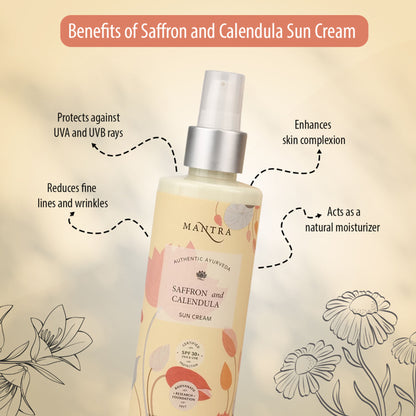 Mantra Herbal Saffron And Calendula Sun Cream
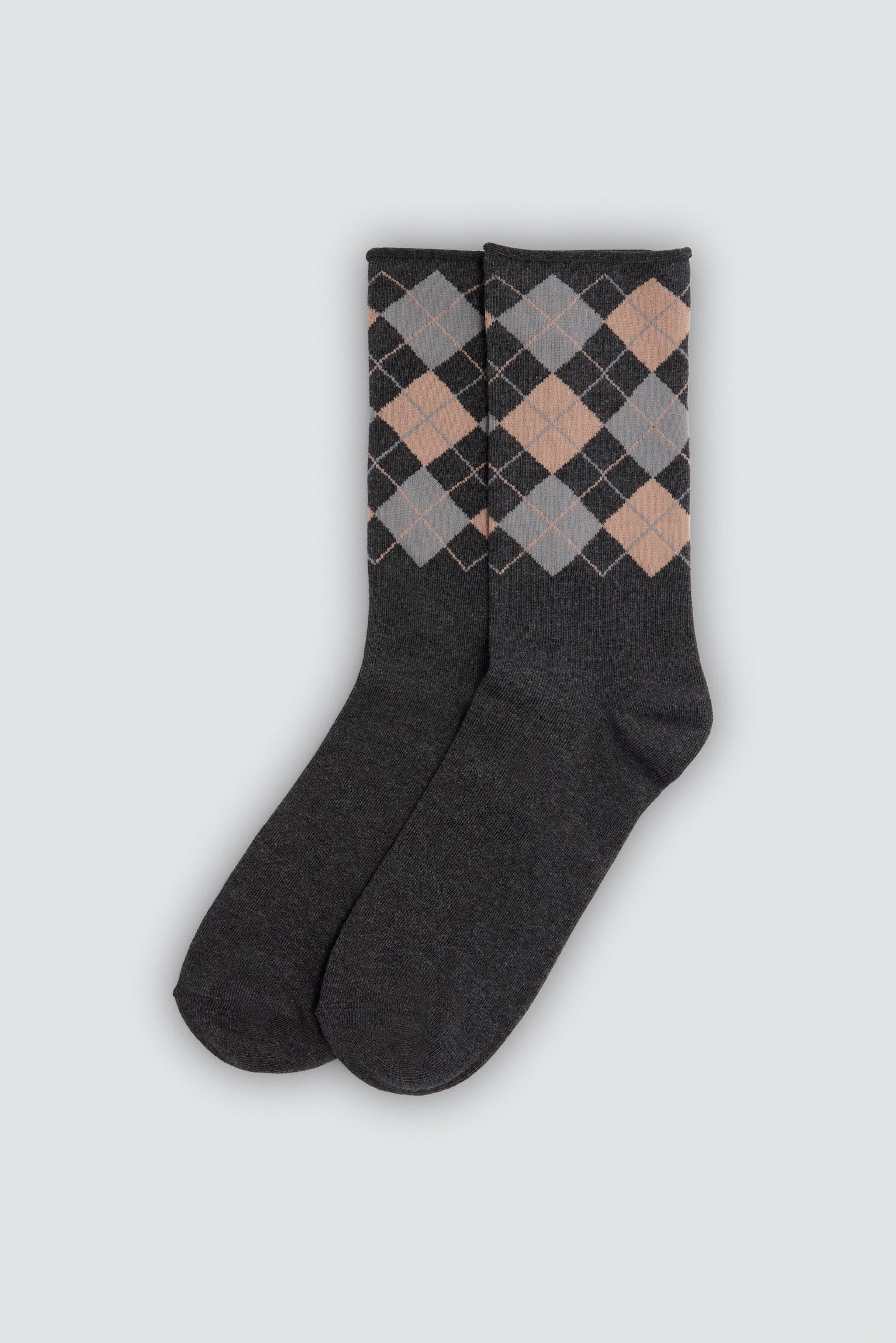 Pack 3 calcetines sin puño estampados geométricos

* * *

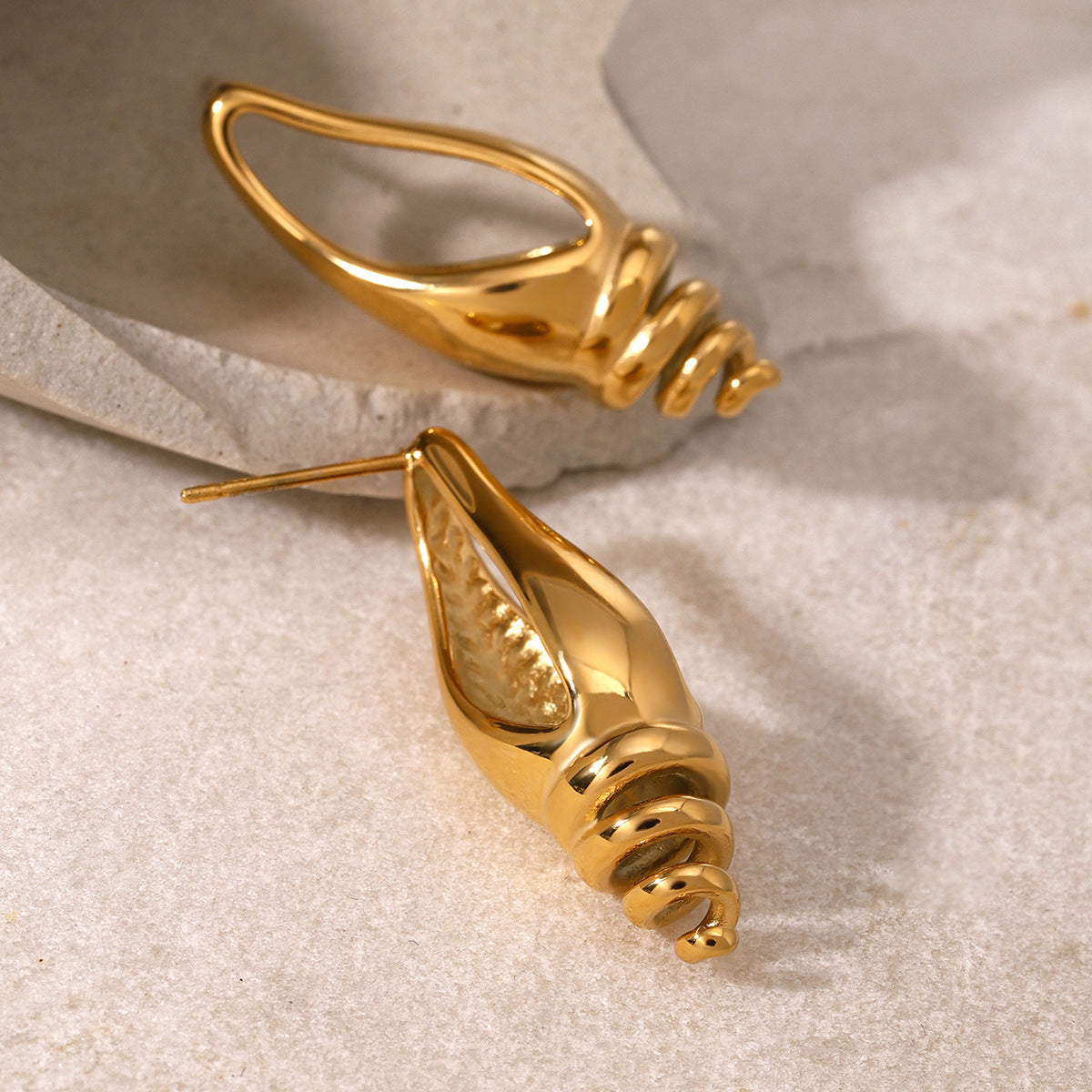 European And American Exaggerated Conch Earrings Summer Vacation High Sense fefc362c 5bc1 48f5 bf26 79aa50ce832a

--

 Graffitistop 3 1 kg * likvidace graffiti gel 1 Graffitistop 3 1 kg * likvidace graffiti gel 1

• What you need to do
Restate the lines above from the one containing "Mantra Herbal Saffron" through the one containing "Pack 3 calcetines", inclusive, exactly and without pictures.

• Completed task
 Mantra Herbal Saffron And Calendula Sun Cream
 Pack 3 calcetines sin puño estampados geométricos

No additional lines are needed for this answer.